START DATASET EXTRACT

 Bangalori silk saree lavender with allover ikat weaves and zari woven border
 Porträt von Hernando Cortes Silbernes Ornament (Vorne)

END DATASET EXTRACT
START DATASET EXTRACT

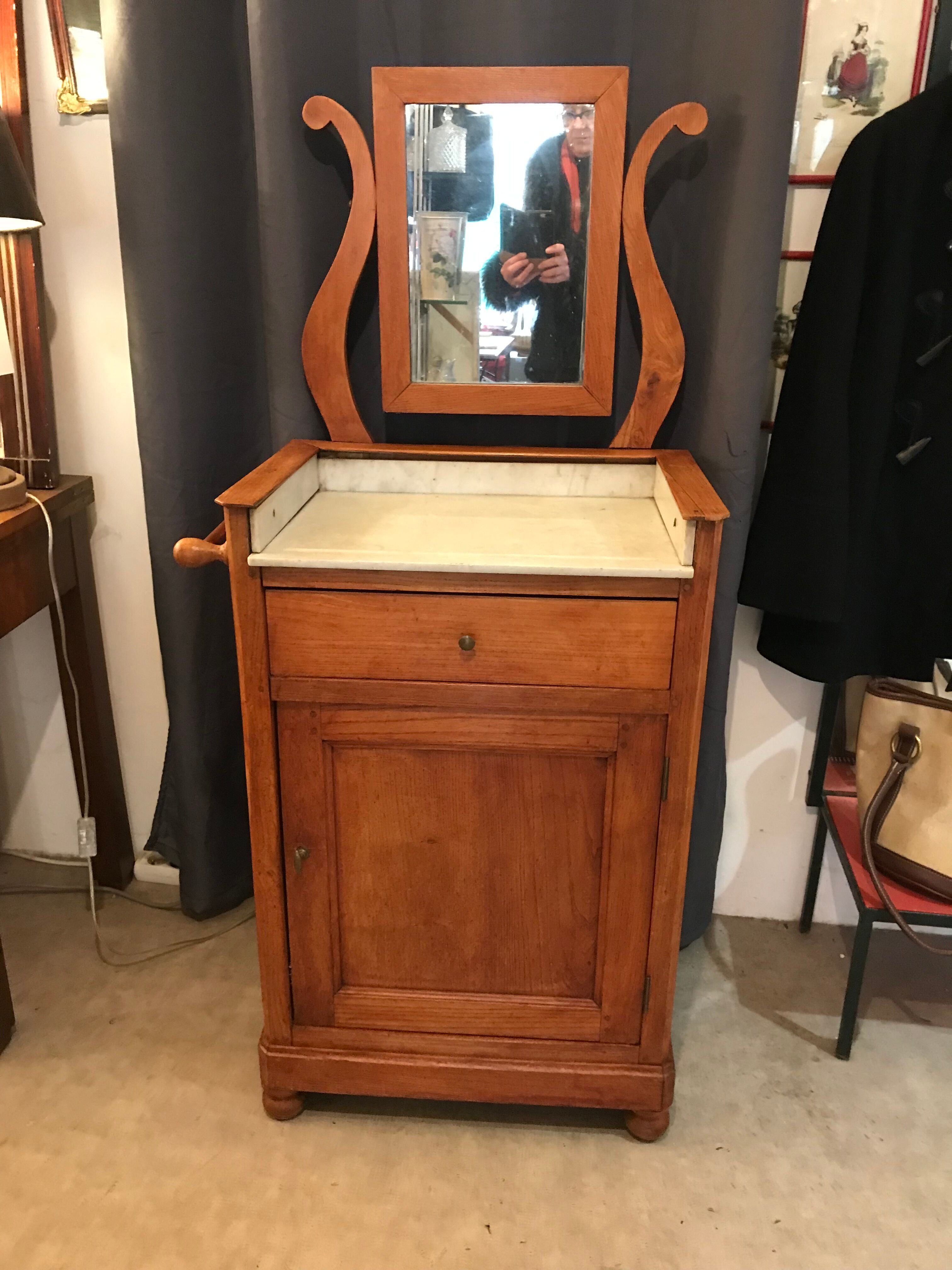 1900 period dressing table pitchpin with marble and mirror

END DATASET EXTRACT
START DATASET EXTRACT

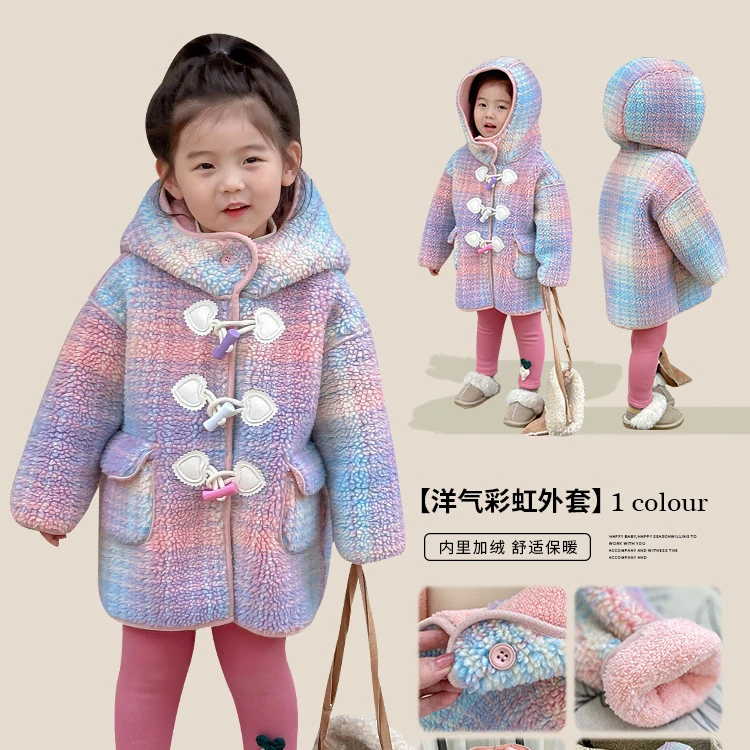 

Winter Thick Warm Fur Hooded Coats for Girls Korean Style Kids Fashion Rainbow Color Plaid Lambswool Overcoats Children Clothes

END DATASET EXTRACT

**WHAT YOU NEED TO DO**.
For the listing above, print only the lines starting at the line containing "Bangalori silk saree" and ending at the line containing "Porträt von Hernando", exactly, both included.

**TASK ANSWER**.
 Bangalori silk saree lavender with allover ikat weaves and zari woven border
 Porträt von Hernando Cortes Silbernes Ornament (Vorne)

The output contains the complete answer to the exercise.